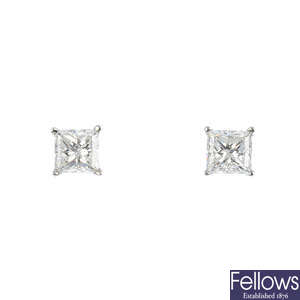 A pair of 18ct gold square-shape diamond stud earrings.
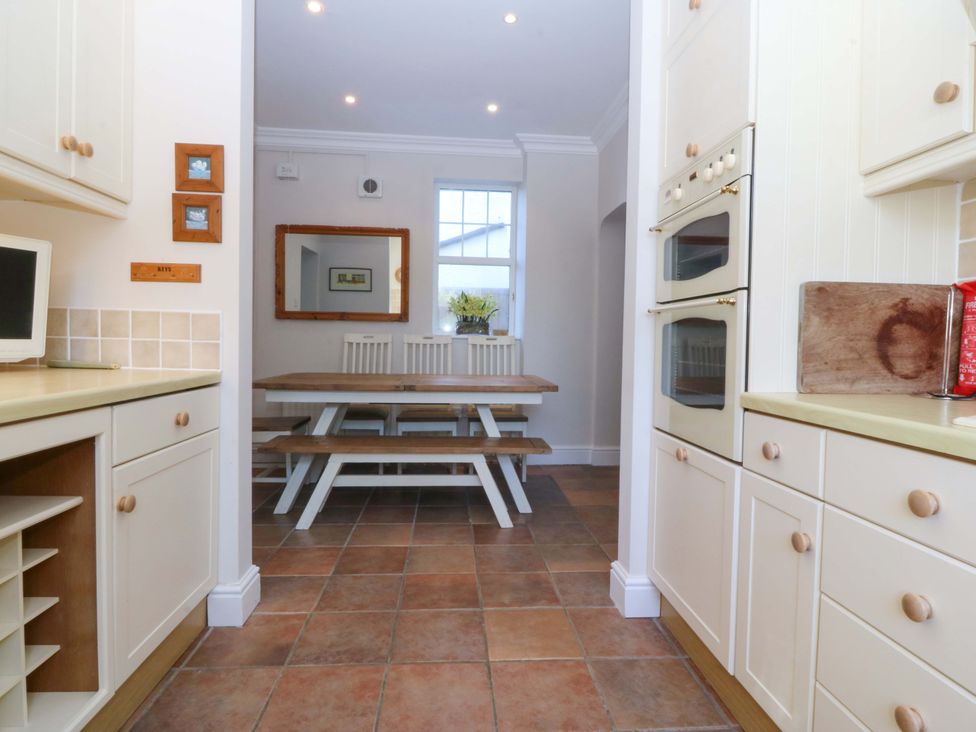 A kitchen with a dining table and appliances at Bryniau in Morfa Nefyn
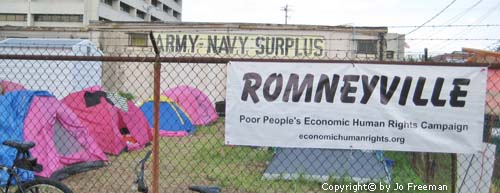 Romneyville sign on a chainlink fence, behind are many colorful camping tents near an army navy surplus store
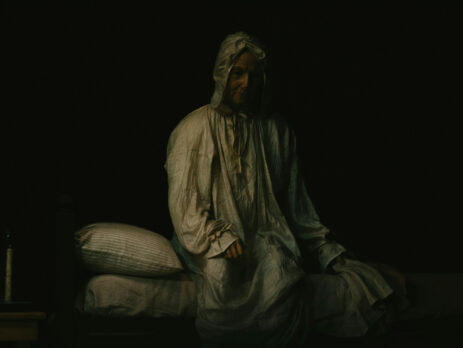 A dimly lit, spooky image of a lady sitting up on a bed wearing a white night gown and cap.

-*-

Write out again every line above exactly as given; the pictures do not belong in the copy.

--- SOLUTION ---
 A pair of 18ct gold square-shape diamond stud earrings.
 A kitchen with a dining table and appliances at Bryniau in Morfa Nefyn
 Romneyville sign on a chainlink fence, behind are many colorful camping tents near an army navy surplus store
 A dimly lit, spooky image of a lady sitting up on a bed wearing a white night gown and cap.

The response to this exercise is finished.